• TASK STATEMENT
Print exactly, and only, the lines from the one containing "May include: Red" through the last line of the records below, both included; leave out the pictures.

Segment Open

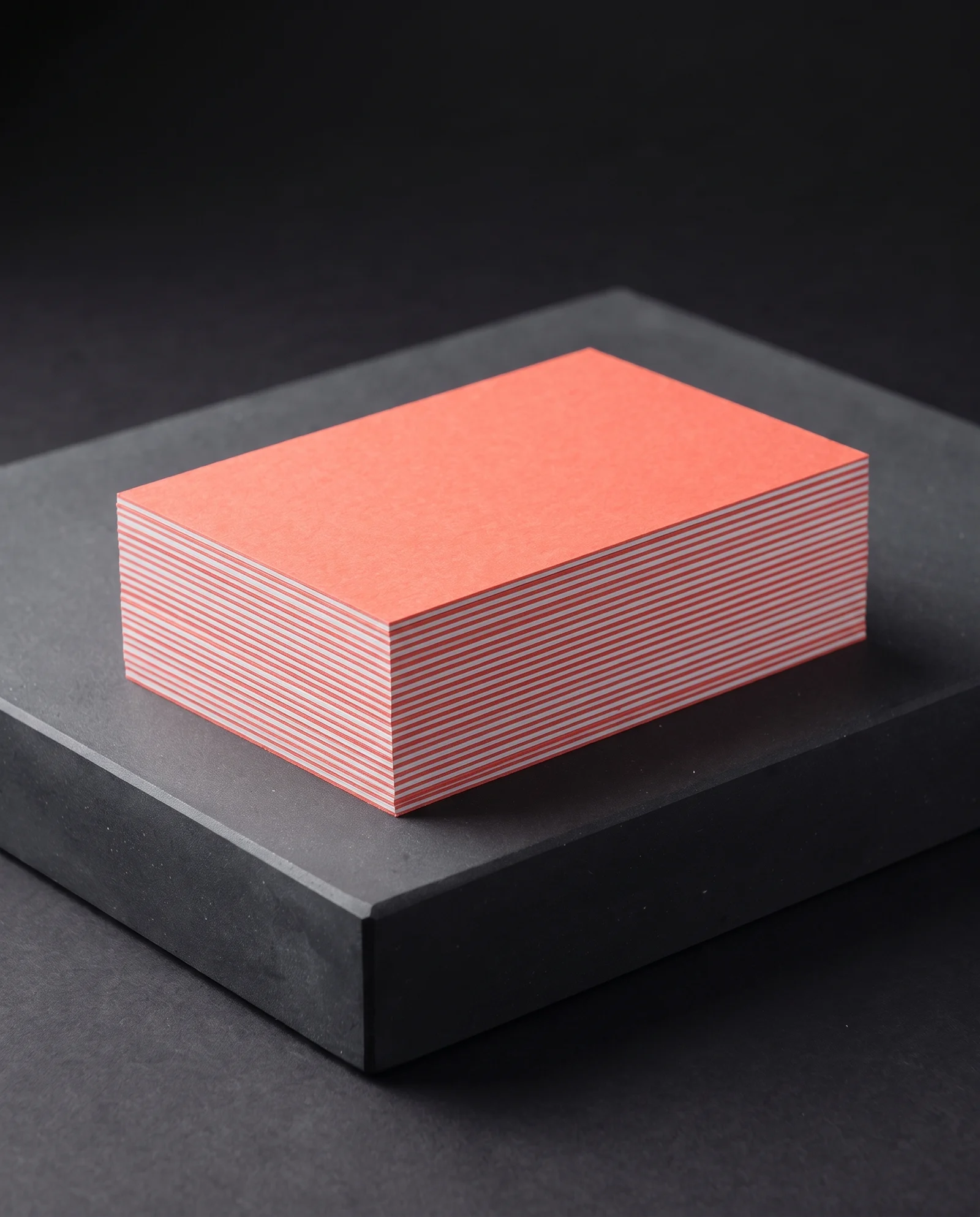 Coral and white duplex plies meeting at a crisp edge seam.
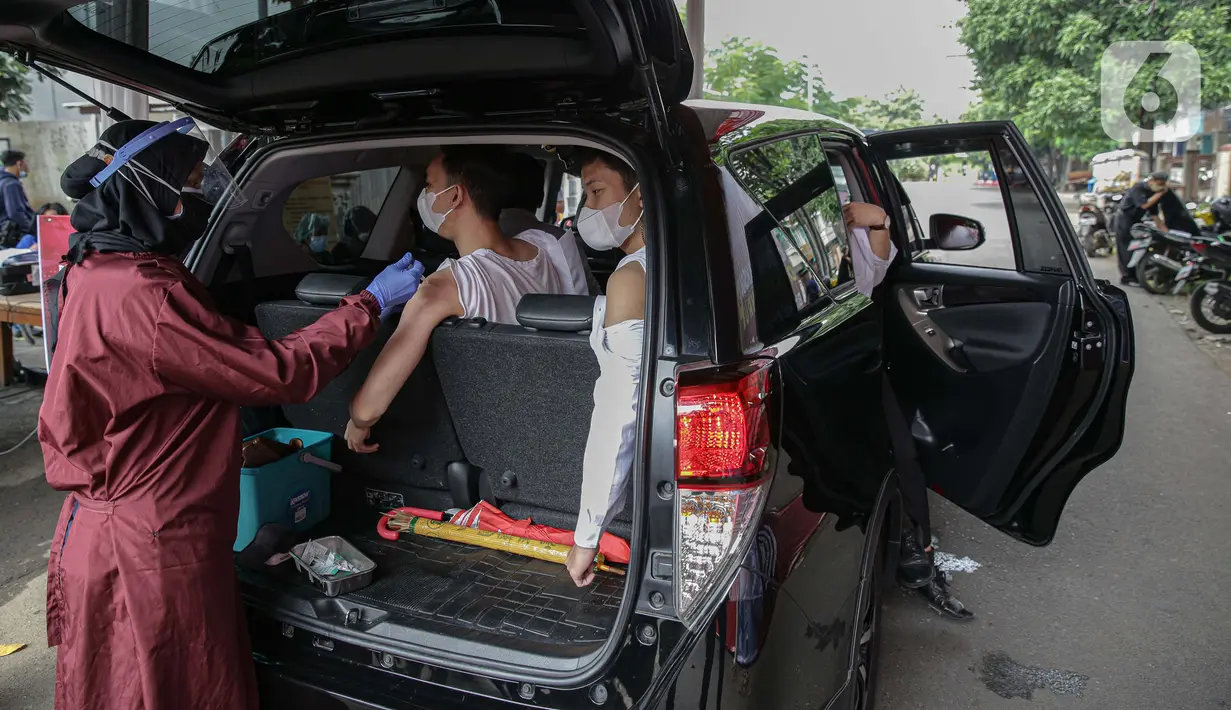 Petugas menyuntikkan vaksin COVID-19 kepada warga saat pelaksanaan vaksinasi secara drive-thru di Mapolres Jakarta Selatan, Selasa (29/6/2021). Layanan ini dilakukan untuk mempercepat vaksinasi COVID-19 kepada warga. (Liputan6.com/Faizal Fanani)
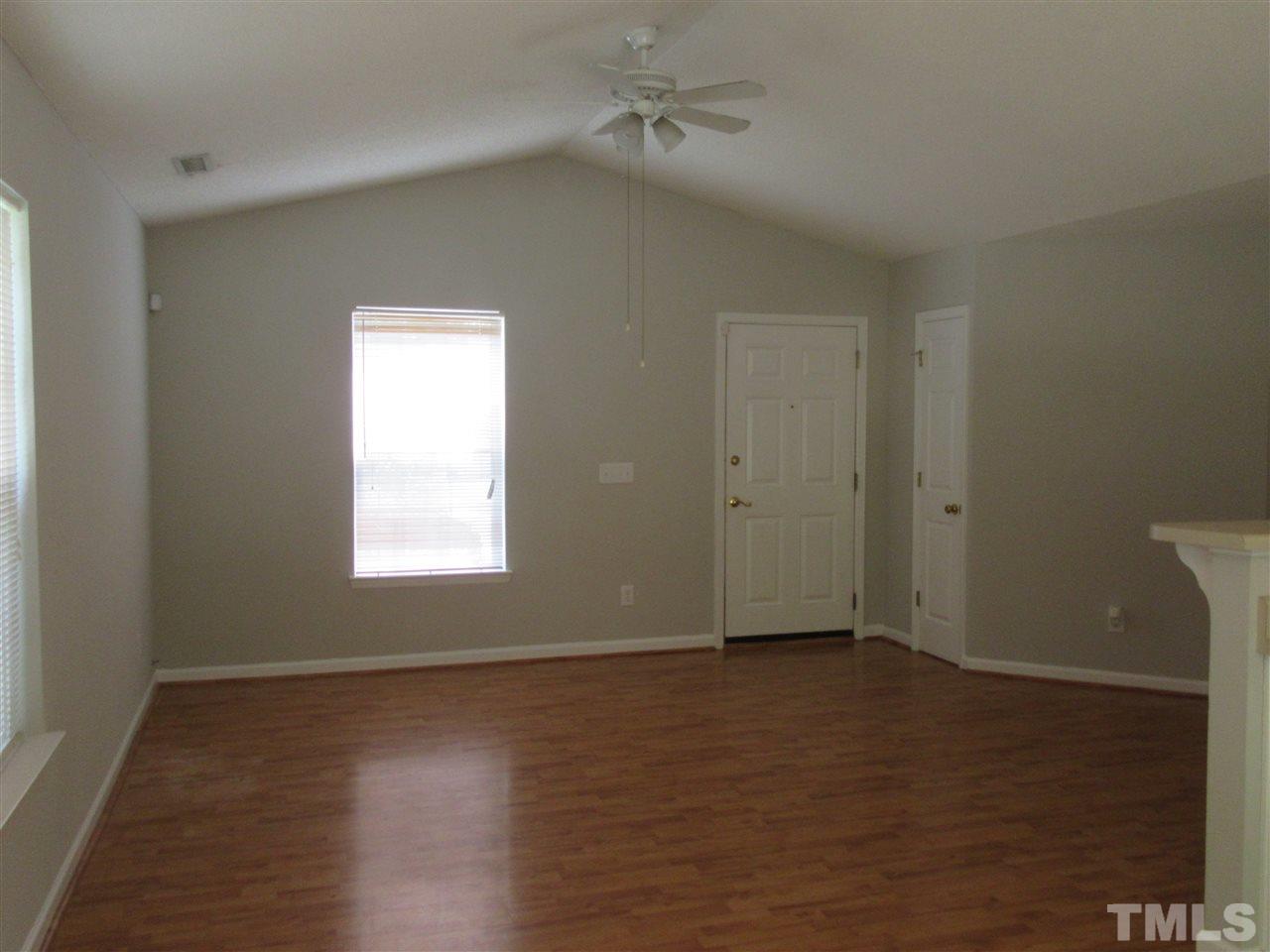 5113 Silverdene Street Raleigh, NC 27616 - Photo 8 of 25 an empty room with wooden floor and windows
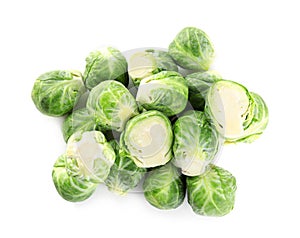 Pile of fresh Brussels sprouts isolated on white, top view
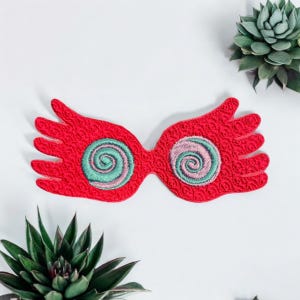 May include: Red embroidered patch of a pair of glasses with swirling green and pink lenses. The glasses are shaped like hands with outstretched fingers.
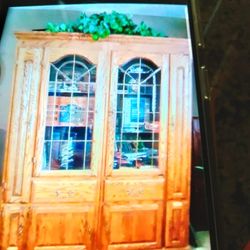 Very Large Oak Cabinets They're 24 In Deep They Hold Your CDs Or Movies Or Whatever You Want They Go Together Or You Can Split Them Apart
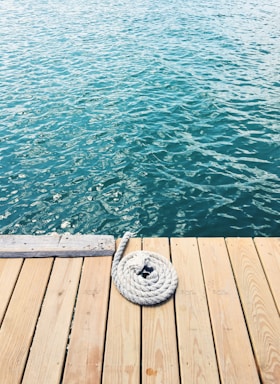 Close-up of durable nautical ropes coiled neatly on a wooden dock under warm sunlight.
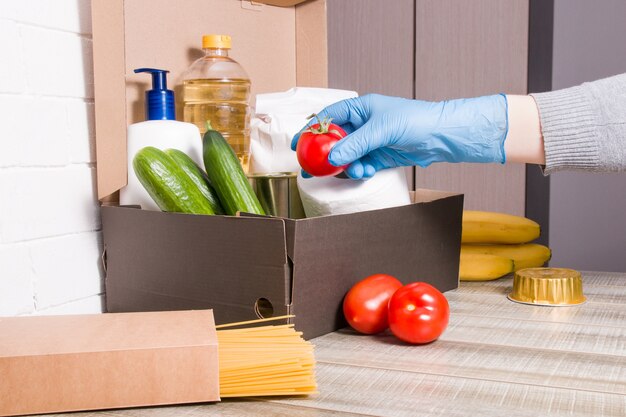 A woman in a rubber glove sweetens a red tomato in a box with products for donation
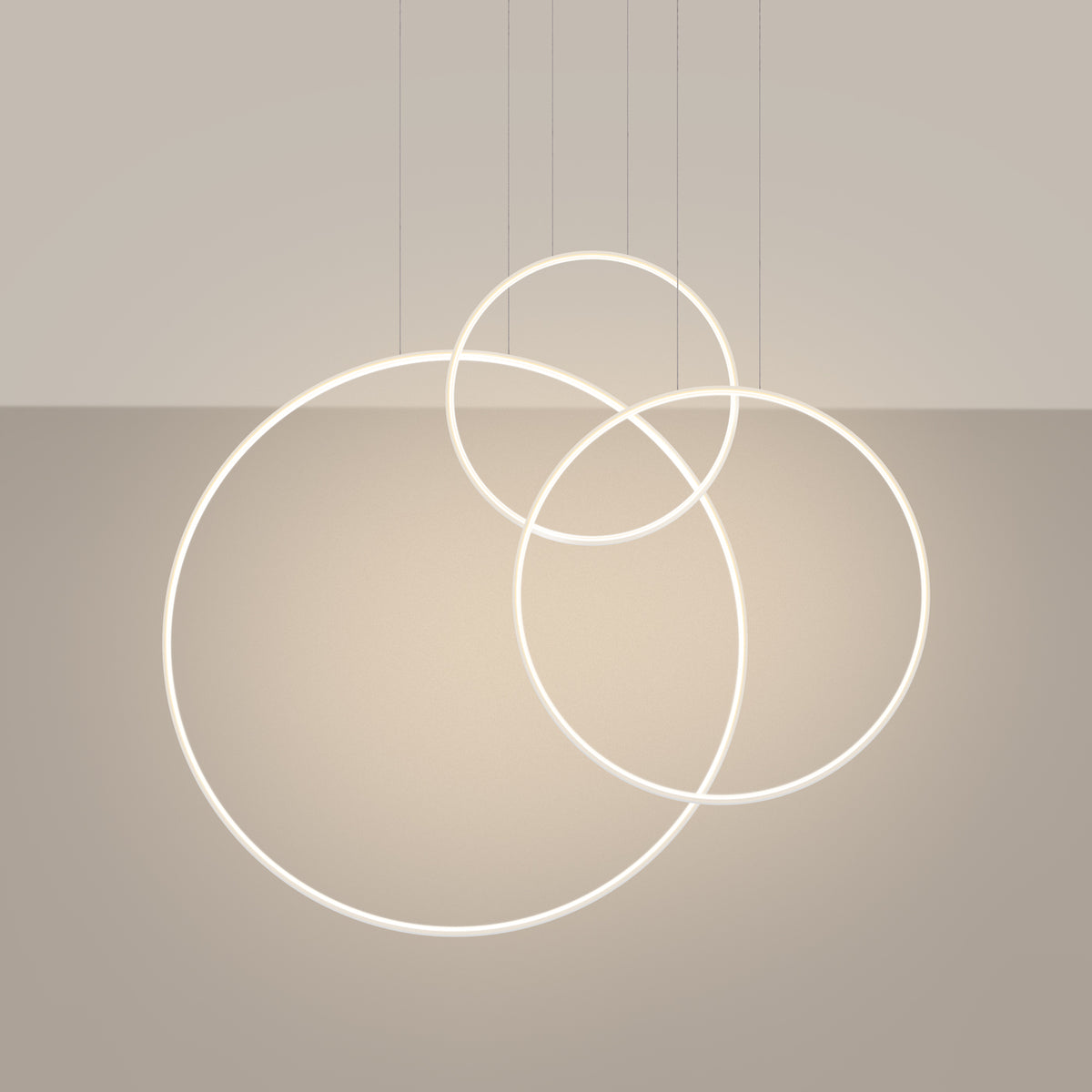Luminaire allumé en ambiance, trois anneaux lumineux se croisant sur fond beige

Segment Closed

• SOLUTION FOR THIS EXERCISE
 May include: Red embroidered patch of a pair of glasses with swirling green and pink lenses. The glasses are shaped like hands with outstretched fingers.
 Very Large Oak Cabinets They're 24 In Deep They Hold Your CDs Or Movies Or Whatever You Want They Go Together Or You Can Split Them Apart
 Close-up of durable nautical ropes coiled neatly on a wooden dock under warm sunlight.
 A woman in a rubber glove sweetens a red tomato in a box with products for donation
Luminaire allumé en ambiance, trois anneaux lumineux se croisant sur fond beige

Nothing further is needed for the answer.